Who or what stimulated thou when developing The Protagonist?
Rae is a theater girl and that comes from me. Although I have never experienced a loss like Rae’s, I am very close to my parents and have used that closeness to imagine how Rae feels after losing her father. Many aspects of kindness come from what my family and I have done.
Who or what inspired you to create The Antagonist?
I would say Rae’s mother is the antagonist and her character was pretty easy for me to write because I am the mother of a 10-year-old girl. My daughter is reaching an age where she sometimes gives in or needs her own space, so I try to give her what she wants, protect her, and do what I feel is right as a parent. There’s a lot of that in Rae’s relationship with her mother.
What is the fire incident in “I’ll Be There For You”?
There are two: the woman does something nice for Rae when she needs it and asks her for more, and Rae decides to take part in the school drama. Without art, she would not have met the characters that are such a huge impact on her recovery, and without kindness, she would not have found the acceptance and forgiveness she so desperately needs.
What is the original conflict of I’ll Be There For You?
Rae struggles with the grief of her father and tries to deal with it on her own. Her friendship with Mac gives her an outlet for her grief, and when they fight, she feels the loss even more.
Did you expect me I’ll Be There For You or fly next to your pants and write freely?

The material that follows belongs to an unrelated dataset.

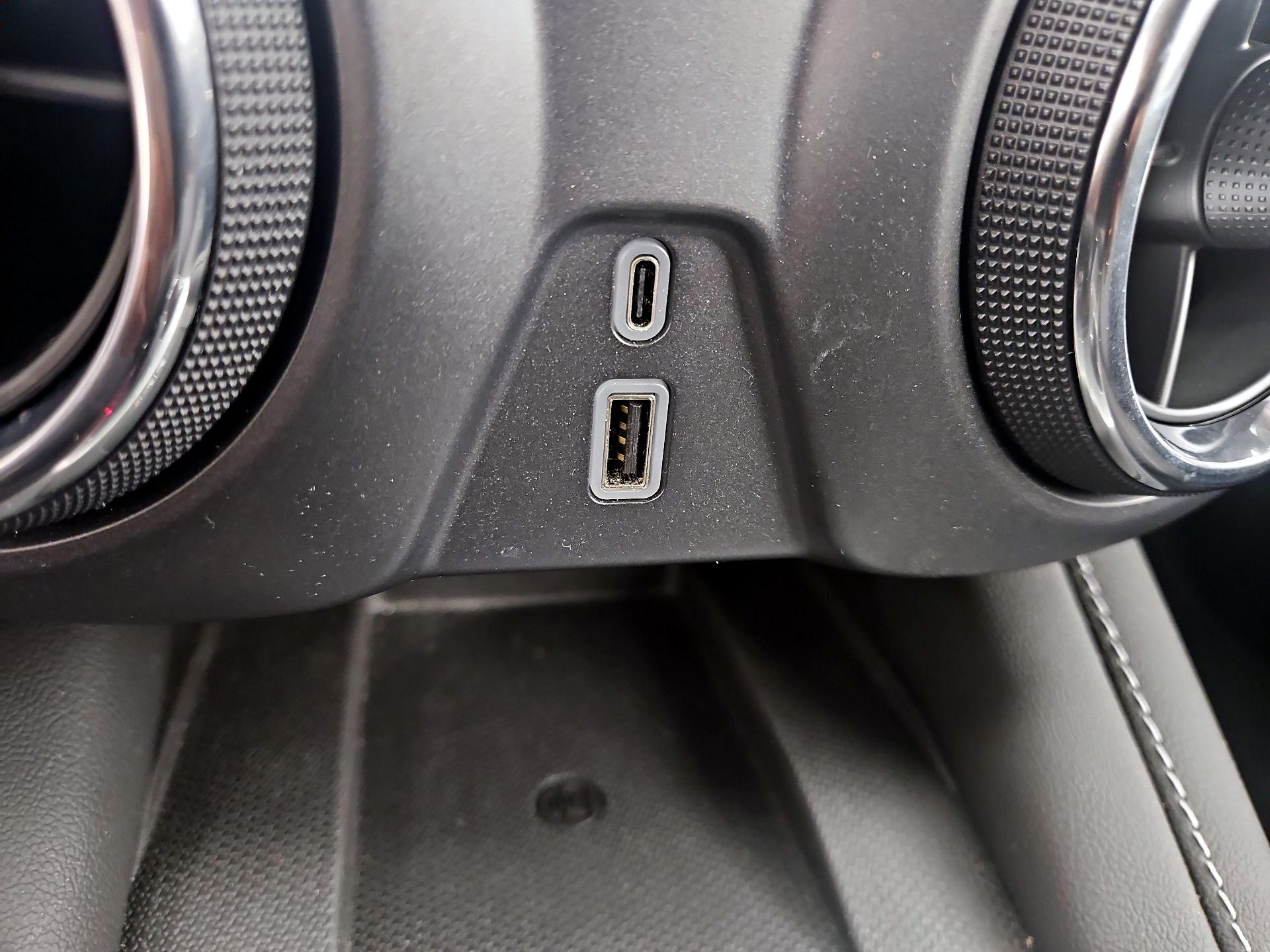 Thumbnail: 2023 Chevrolet Blazer - 18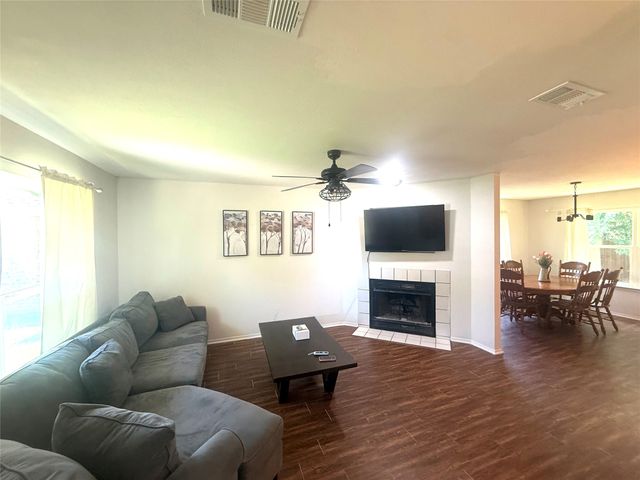 1212 Eagle Lake Drive, Azle, TX 76020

I didn’t have everything planned out, but I had a pretty good idea of where the story was going. However, after investigating what is in the Rock & Roll Hall of Fame The year Bon Jovi was inducted, I learned about Jon’s efforts to end hunger and homelessness through the Jon Bon Jovi Soul Foundation and it changed an important part of my novel.
Did you receive assembly help and how much assembly do I need for ” I’ll Be There For You”?
Before I started uploading, my family, friends, and other reviewers gave me feedback. When I was working with my editor on Winding Road Stories, I talked to my editor about changes I felt were needed in the story and I made them. Then she and I went through the manuscript, about 30 pages at a time, tweaking the language, tweaking the character reactions, and removing anything unnecessary. While the basic story hasn’t changed, the final version of the book is vastly different – and vastly improved – from the version I submitted.
What is the foremost piece of writing advice you would give someone that inspired you to scribe a story?
accept playback. It’s hard to put words to paper, especially when you’re trying to write something that requires tens of thousands of words. Accepting that the first draft isn’t great helps take the pressure off. You can always edit, add or remove words later. It’s a necessary part of the process: proofreading turns a good idea into a good book.
Can thou say me what other books thou want to write?
I want! My next novel (also Modern YA) is about a high school English class reading Romeo and Juliet. You are tasked with writing a letter to “Juliet” asking for love advice, but the letters will be posted anonymously online for all to see. As people try to figure out who wrote which letter — and who’s hitting, who’s gay, who’s in love, and who’s cheating “Juliet” begins to reply.
And finally, are you proud of your accomplishment? It was worth it?
One million percent YES! Publishing a book has been a dream of mine for many, many years. I put a lot of effort, time, frustration, tears, hope, joy, and love into this passion and everything about this release/implementation has been wonderful.
Pop all thine book, website, and social media link hither so the readers can find you:
My website is brieannawilkoff.com and different purchase links for the book can be found there.